Zimbabwe President
Robert Mugabe and the main opposition faced mounting pressure Tuesday
to end their feud over forming a unity government, ahead of a new
emergency African summit to tackle the crisis.
After 13 hours
of talks Monday with a regional security body, Mugabe and opposition
leader Morgan Tsvangirai remained deadlocked over who should control
the powerful home affairs ministry, which oversees the police.
They agreed
only to call for an urgent summit of the 15-member Southern African
Development Community (SADC), which is certain to pile pressure
on the rivals to stick to the unity
accord signed six weeks ago.
SADC's executive
secretary Tomaz Salomao told reporters during the night that the
summit could be held either in Harare or a neighbouring capital,
though it was unclear exactly when the leaders would gather.
Tsvangirai's
Movement for Democratic Change (MDC) warned that he would not attend
any summit outside the country unless the government gives him a
passport.
He has not had
a passport for months and must seek an emergency travel document
(ETD) each time he leaves the country. Tsvangirai boycotted a summit
last week in Swaziland in protest at delays in receiving his travel
papers.
"The passport
issue is the crudest form of lack of sincerity" by Mugabe,
MDC's chief negotiator Tendai Biti told reporters. "We will
not travel on an ETD. We want a passport."
The regional
bloc has tried for seven years to press Mugabe into a compromise
with Tsvangirai, but its members are deeply divided over Zimbabwe.
Some leaders
are strong allies of Mugabe, who is still respected as a liberation
hero, while others blame him for leading the country into economic
ruin, causing waves of migrants to cross its borders to seek work.
The power-sharing
deal brokered by former South African president Thabo Mebki had
been hailed as a success for so-called "quiet diplomacy,"

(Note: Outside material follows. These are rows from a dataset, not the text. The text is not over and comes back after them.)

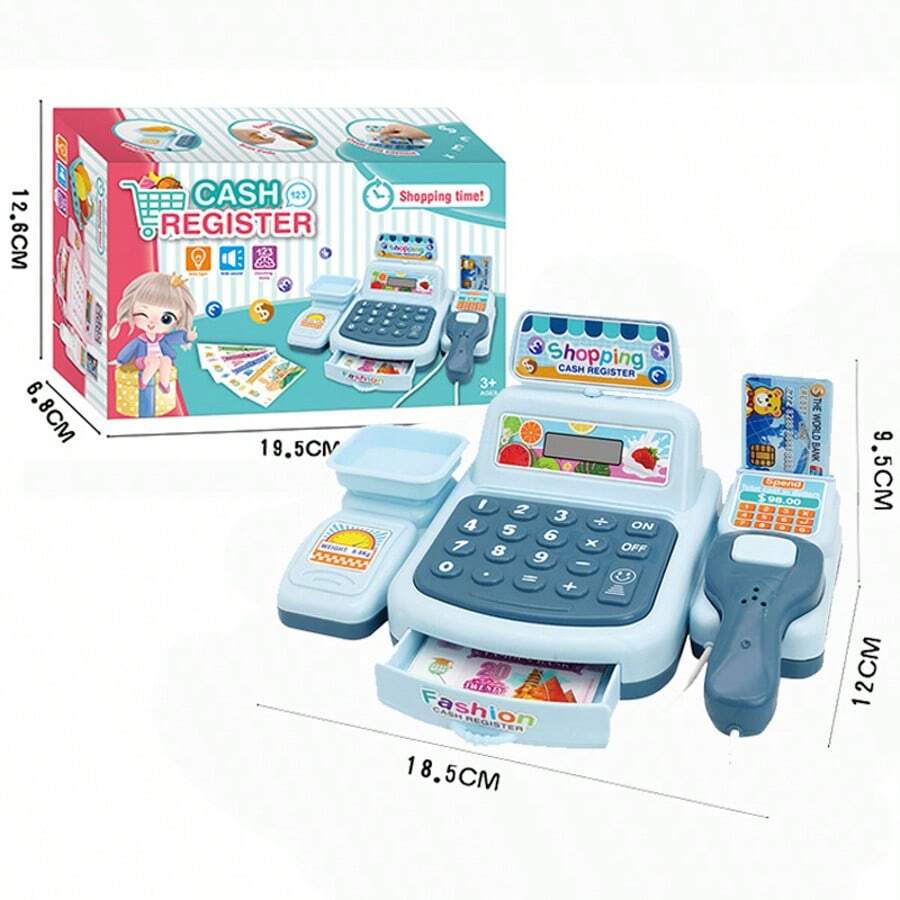 Children's Toy Cash Register - Multifunctional Supermarket With Scanner And Card Reader, Realistic Household Appliance Series For Role-Playing Learning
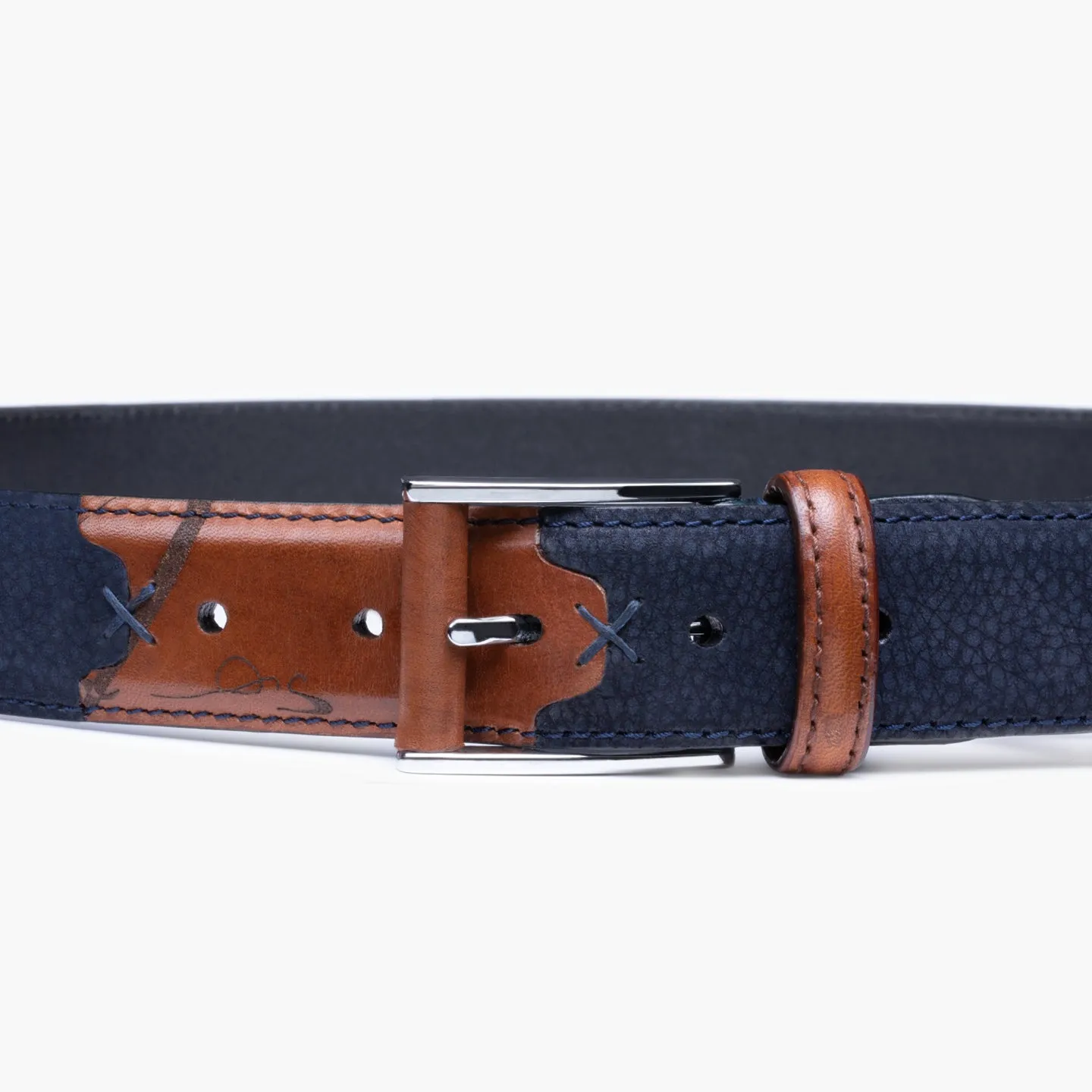 Leather and nubuck belt sold by Armos product image thumbnail 4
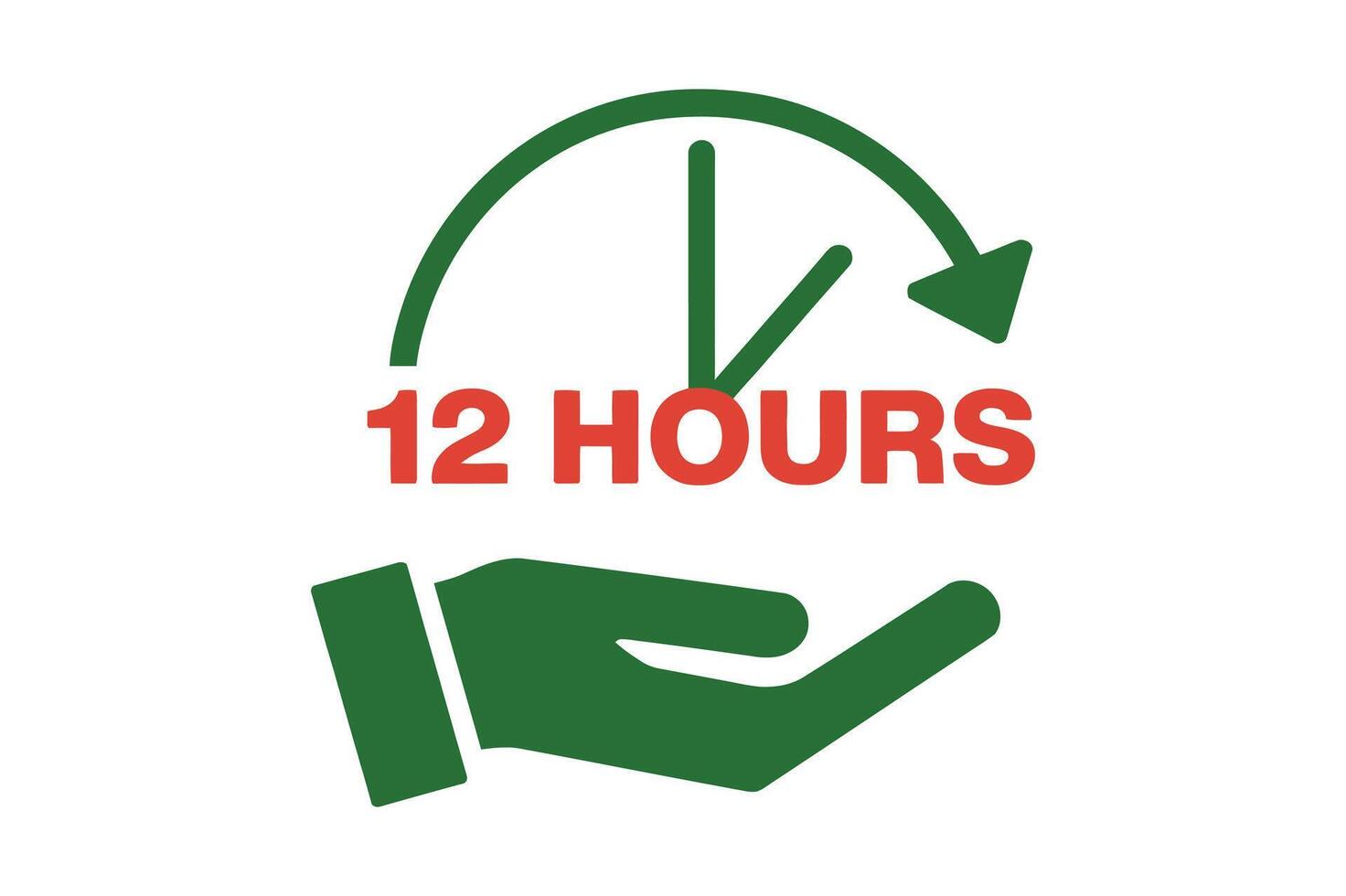 12 Hours Service Icon vector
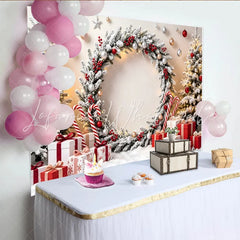 Lofaris Snowy Christmas Wreath Backdrop with Gifts and Candy Canes Festive Winter Holiday Photography Background for Party Decor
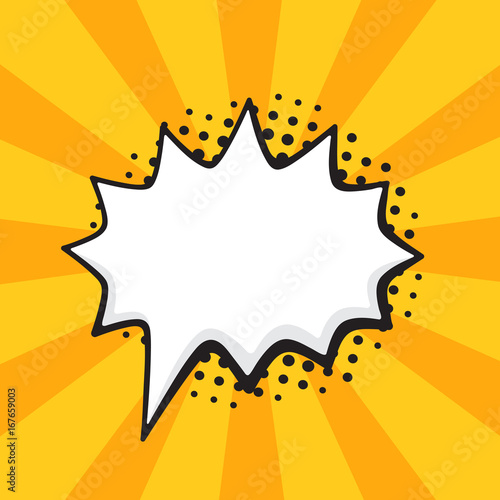 Vector illustration. Comic speech bubble of scream rounded barbed shape in pop art style. Empty element with contour for your dialogs. Isolated on orange background with rays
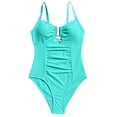 thumbnail image 5 of QURATI Swimwear Women'S V Neck Swimsuit Adjustable Spaghetti Straps Bathing Suit Swimwear Sky Blue L, 5 of 7
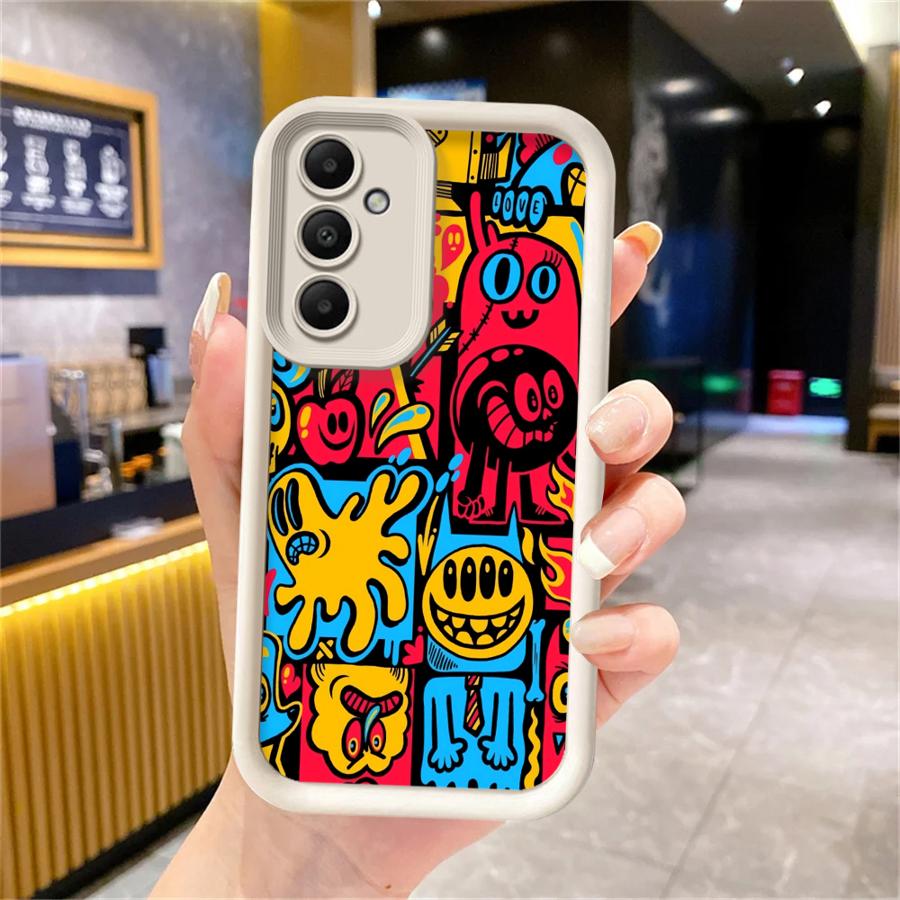 Handyhülle Case für Samsung Galaxy A16 A56 A51 A73 A23 A12 A13 A71 A72 A26 A32 A15 A35 A36 A53 A54 A34 Rotes Graffiti Muster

which avoided publicly condemning Mugabe for alleged human rights
abuses or economic woes.
But analysts
say the failure of Mugabe and Tsvangirai to agree even on cabinet
posts bodes ill for a unity government, even if SADC pressures them
into a deal.
"We don't
expect much from SADC if SADC does not flex its muscle and put pressure
on them to reach a compromise," said Lovemore Madhuku, of the
National Constitutional
Assembly pressure group.
"Both groups
are changing goal-posts and one wonders why they signed the agreement,"
he told AFP. "We are not very hopeful."
The summit
Monday was held by SADC's security organ -- its second meeting
in two weeks which failed to achieve any visible headway in reaching
a compromise.
The power-sharing
deal calls for 84-year-old Mugabe to remain as president while Tsvangirai
becomes prime minister.
But Mugabe has
refused to cede control of home affairs, which MDC says it should
hold to reassure its supporters who suffered political violence
during election campaigning this year.
Tsvangirai,
who won the first-round presidential race in March, pulled out of
a run-off in June and accused the ruling party of coordinating attacks
that left more than 100 of his supporters dead.
The current
political battle has crushed the hopes of ordinary Zimbabweans yearning
for an end to the turmoil.
Zimbabwe's economy
is in freefall with the world's highest inflation rate, estimated
at 231 million percent.
Once seen as
an African success story, Zimbabwe is now one of its failures with
more than 80 percent of its population plunged into poverty and
nearly half its people in need of international food aid.